Moses Lake and Banks Lake will be coming on soon for walleye. The docks are in at Northrup on Banks. The water level at Moses Lake State Park is down and launching has been difficult. This is the time of year the jumbo perch often move into the vicinity of the I-90 Bridge near the state park.

Smallmouth bass are becoming more active above Bonneville Dam. On the Snake River, they are also starting to hit, with some 3-pound fish reported. In Idaho, some large smallmouth have been reported caught at Dworshak Reservoir.

The largemouth bass on Potholes are moving into the sand dunes. Reports are coming in of catches up to nearly 7 pounds with a lot of 3- to 5-pound fish also reported.

Find the warmest water you can; the afternoon bite is much better than the morning bite.

Top baits have been jigs with a craw or swimming trailer in black and blue, hard jerkbaits, swim jigs and chatterbaits.

Other species

Starting May 10, anglers will have an opportunity to catch and retain legal-size white sturgeon in the lower 40 miles of the Columbia River.

The fishery will be open on Mondays, Wednesdays and Saturdays through June 5 from the Wauna power lines, which cross Puget Island near Cathlamet, downriver to Buoy 10 at the mouth of the Columbia River.

Adjacent Washington tributaries will also be open for sturgeon fishing those days.

Anglers may retain only white sturgeon measuring 44 to 50 inches from the tip of their nose to the fork in their tail.


The Idaho Fish and Game Commission has approved big game seasons for the next two years.

The 2021-2022 Idaho big game seasons and rules booklet will be available on Fish and Game’s website in early April.

Printed copies will be available at Fish and Game offices and license vendors in late April or early May.

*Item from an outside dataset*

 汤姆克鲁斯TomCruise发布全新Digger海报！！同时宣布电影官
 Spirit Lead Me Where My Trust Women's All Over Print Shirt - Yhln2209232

There have been some major changes.

Turkeys are moving out of their winter ranges and have become more conspicuous this week.

Some are beginning to fan and may be hot by the April 15 general opener.

The youth-only season in Washington is April 3 and 4.

A lot of jakes have been seen in the William T. Wooten Wildlife Area in Columbia and Garfield counties, and the woods north of Spokane are coming alive. In Idaho, the youth-only season is April 8.

It would be difficult to go anywhere in the Idaho Panhandle and not at least hear turkeys.